Ich verstehe den Wunsch der Politik sehr gut und auch den Appell an alle Beteiligten, sich der Verantwortung für 27.000 Beschäftigte bewusst zu sein und nach Wegen zu suchen, um den Konflikt zu deeskalieren.

Allerdings haben die betroffenen Vorstandsmitglieder jedes Vertrauen in den Willen und die Fähigkeit des Vorstandsvorsitzenden der thyssenkrupp AG zu einer angemessenen Zusammenarbeit verloren, und wollen das Unternehmen thyssenkrupp Steel Europe AG verlassen.

Ich habe den Aufsichtsratsvorsitzenden der thyssenkrupp AG, Siegfried Russwurm, um seine Einschätzung und Meinung zu diesem Wunsch aus der Politik gebeten. Seine Antwort lautete, dass er keine Meinung dazu habe, ich aber selbstverständlich frei sei, die Sitzung um vier Wochen zu verschieben.

Die Tatsache, dass der Aufsichtsratsvorsitzende der thyssenkrupp AG zu der aktuellen Situation keine Meinung besitzt, hat mich dazu veranlasst, von einer Verschiebung der Sitzung abzusehen.

Nicht zuletzt diese Tatenlosigkeit auf der Ebene der thyssenkrupp AG und die Erfahrungen der letzten Wochen machen auch aus Sicht von Frau Dr. Eller eine vertrauensvolle Zusammenarbeit im Interesse der thyssenkrupp Steel Europe AG mit dem Vorstandsvorsitzenden der thyssenkrupp AG nicht mehr möglich. Wir sehen keine Möglichkeit mehr, unsere Maßstäbe an Professionalität, einer offenen Diskussions- und „Speak-Up“-Kultur und Respekt im gegenseitigen Miteinander noch in einem angemessenen Maße berücksichtigt zu sehen. Ein verantwortungsvolles Handeln als Aufsichtsräte ist unter diesen Bedingungen für uns nicht mehr möglich.

Noch entscheidender ist aber, dass wir nicht mehr den Eindruck haben, dass Vorstand und Aufsichtsrat der thyssenkrupp AG die ursprüngliche Idee der damaligen Vorstandsvorsitzenden, Martina Merz, weiterverfolgen. Denn danach sollte ein höheres Maß an Unabhängigkeit des Aufsichtsrats der thyssenkrupp Steel Europe AG dem Prozess der Verselbstständigung des Stahlbereichs eine höhere Integrität verleihen und dem Eindruck entgegenwirken, die Lastenverteilung könne einseitig zu Ungunsten der thyssenkrupp Steel Europe AG erfolgen.

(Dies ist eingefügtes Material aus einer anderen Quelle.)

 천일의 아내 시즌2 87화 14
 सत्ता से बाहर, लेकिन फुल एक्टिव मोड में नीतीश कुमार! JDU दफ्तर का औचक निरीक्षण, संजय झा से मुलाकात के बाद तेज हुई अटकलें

Aus diesen Gründen ist für uns die Geschäftsgrundlage entfallen, auf deren Grundlage Frau Dr. Elke Eller und ich der Berufung in den Aufsichtsrat der thyssenkrupp Steel Europe AG zugestimmt haben. Daher werden wir fristgerecht unsere Mandate niederlegen. Aus den gleichen Gründen werden auch der stellvertretende Aufsichtsratsvorsitzende Detlef Wetzel und der „neutrale Mann“ im Aufsichtsrat, Staatssekretär a.D. Wilfried Schäffer, ihre Mandate niederlegen. Die Reihenfolge unseres Ausscheidens aus dem Aufsichtsrat und die damit verbundenen Nachbesetzungen werden sicherstellen, dass die Parität zwischen Anteilseignern und Arbeitnehmervertretern im Aufsichtsrat immer beibehalten wird.

Wir bedanken uns für die exzellente Zusammenarbeit mit dem Vorstand der thyssenkrupp Steel Europe AG, den Mitarbeiterinnen und Mitarbeitern des Aufsichtsratsbüros und auch bei den Mitgliedern des Aufsichtsrates, die engagiert und integer an der Zukunftsfähigkeit der thyssenkrupp Steel Europe AG mitgearbeitet haben.